Charlie's stern visage, beneath a hat with "3900" embroidered above its brim, had struck fear in the hearts of any naughty 1950s children who tried to run through the courtyard of the Greystone Manor, as the building was known, or play stoop ball on its granite steps.

Now the face was glaring back at Ms. Kormes from an album of photos chronicling life in the building that had been taken by her long-deceased neighbor, Emanuel Redfield.

As she turned the pages of the photo album, gasping with astonishment as faces from 50 years ago jogged her memory, Ms. Kormes, 89 — who has lived in the building for 54 years — fondly recalled that when he died Charlie had arranged to have his ashes sprinkled in its courtyard.

She was joined by a couple of her contemporaries and about two dozen of those naughty children and their husbands, wives, boyfriends and girlfriends who had gathered for a 50-year reunion in the Palisade Avenue backyard of Riverdale Press editor, Richard Stein. He and his brother and co-publisher Bernard Stein, grew up in Apartment 63A.
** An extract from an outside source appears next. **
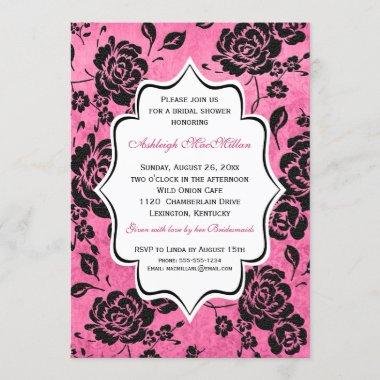 Pink Black White Floral Damask Bridal Shower Invitations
"I lived right next door to David and Celia," said Ms. Kormes, referring to the Steins' parents, who founded The Press in 1950.

Joshua Rabinowitz, 62, who spent his childhood in Apartment 42A, was one of many who traveled from out of state to reminisce with friends he hadn't seen in decades. The recently retired United Airlines pilot flew in from Loveland, Colo., to relive, if only for an afternoon, the shared joys of his youth.

"We all grew up in the same place and in the same way," said Mr. Rabinowitz. "So, there was never any pretense."

Egg creams

To evoke memories of those golden years, Mr. Stein stood ready to prepare egg creams for his guests. For those who hadn't been back in years, Mr. Stein and his wife, Hilary, provided marble cake from Mother's Bake Shop on West 235th Street along with Double Bubble gum and Nick-L-Nip fruit syrup — just like the candies the kids would buy at Mike's candy store on the corner of Greystone Avenue and West 238th Street. Later, the group chowed down on Liebman's Deli-style hot dogs and barbecued chicken.

The reunion was the brainchild of Judy Greenberg (nee Eisenberg), who grew up in Apartment 12A, and now lives in Washington, D.C. with her husband Larry, where she is the director of the Kreeger Museum.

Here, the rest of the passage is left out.